The comparison result is a unique and different piece of data that tracks side-by-side performance and the network response, mapping and tracing the various ID’s to find any differences that could indicate a software bug or security anomaly.
Given identical inputs, a new software’s outputs should only differ to the extent that release requirements introduced changes. Comparing these outputs allows the discovery of unexpected changes or regressions introduced by the new version.
Every network service is a software package with network inputs and outputs (behaviors). Any change in user experience caused by changes to the software must manifest as a difference in these network behaviors. Comparing behavior between software versions allows discovery of changes to user experience that may not be reflected in the log data. If there is no logging to provide observability into the changed behavior, then no amount of analysis or AI can discover these user-impacting changes.
ReGrade becomes a key test at multiple points within the CI/CD Pipeline
Test all versions with 100% live traffic versions without impact to users.
Validate your new environment doesn’t break your existing software.
Compare open source alternatives for capability and performance before release.
Debug production failures quickly with immediate feedback and actionable data.
For any scenario, there are three primary implementation modes:
1) Replay of packet capture data
2) Inline monitoring
3) Passive monitoring
Replay of Packet Capture Data can help developers find bugs early: This is the simplest way to get your development and QA staff going with ReGrade. Simply perform a network packet capture of the test traffic of interest against your trusted software instance, including real customer data. Then, replay that captured traffic to the release candidate using ReGrade. Any differences may indicate problems with the release candidate as well as identifying known changes that have been introduced intentionally as part of the new software upgrade. For development organizations that are shifting left, ReGrade is a perfect solution.
Side-by-side comparison with inline ReGrade monitoring is well-suited for quality assurance cases: You can run the trusted version and the release candidate side-by-side and have the ReGrade engine process the comparisons actively inline. ReGrade takes care of any duplication of data. If monitoring real customer data, customers see only the responses from the production system. The information can then be used to identify any necessary changes in the code or to automatically perform the upgrade if the ReGrade comparison testing does not indicate any unexpected differences. This might be a deployment option for developers and QA personnel (right up to release) who can set up and look at side-by-side versions inline.
ReGrade monitoring is best suited for production operations environments. If monitoring real customer data, customers see only the responses from the production system. You can run the trusted version and the release candidate side-by-side and have the ReGrade engine process the comparisons passively.ReGrade takes care of any duplication of data. The comparison and analysis can be used to identify problems in the code or move forward with the upgrade. For DevOps production professionals aspiring to true CI/CD implementations, this is the preferred deployment model as the development and quality assurance testing can be performed in real time with or without production traffic and can perform the upgrade automatically if the tests check out. The active comparison can also continue after the upgrade has happened to continue monitoring for any changes or differences that may show up in production (the shift right testing approach).

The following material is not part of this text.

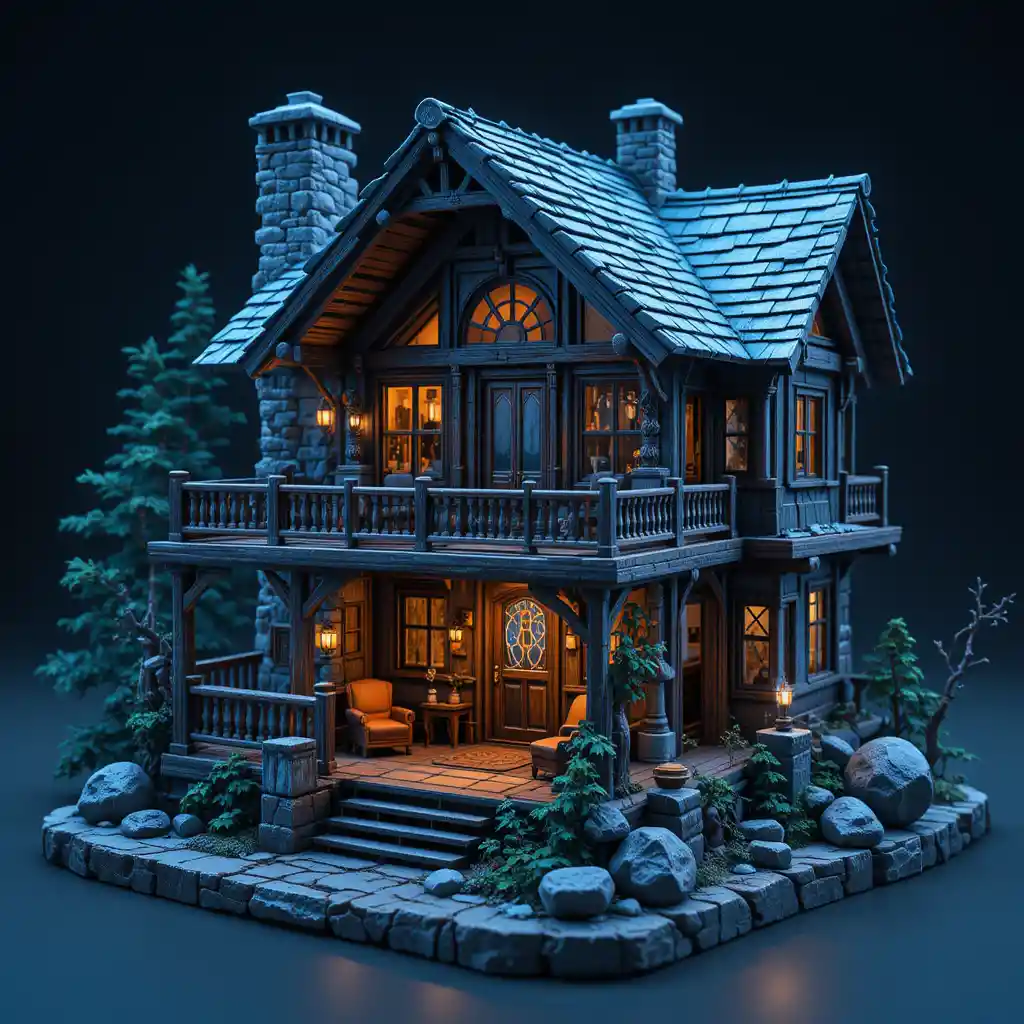 Isometric 3D Diorama Of Luxury Rustic Cabin Interior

There are many ways to look at your software quality, security, and performance. Most software quality or inspection software looks for known flaws (vulnerability scans) or uses known static or dynamic testing capabilities that are intended to replicate normal production traffic but often do not. Other approaches like RASP require the inspection software to be run on the software to be tested to look for code errors. These techniques all find a certain class of bugs and flaws but do not show how your software behaves against another working version and how it would perform against normal customer traffic. There are also various techniques like canary and blue/green testing which require coordination with operations and QA. In these cases, a small group of users is switched on to a new version of software. But this only allows for some of the traffic to be sampled, then the organization is actually taking a risk that a subset of users will be negatively impacted.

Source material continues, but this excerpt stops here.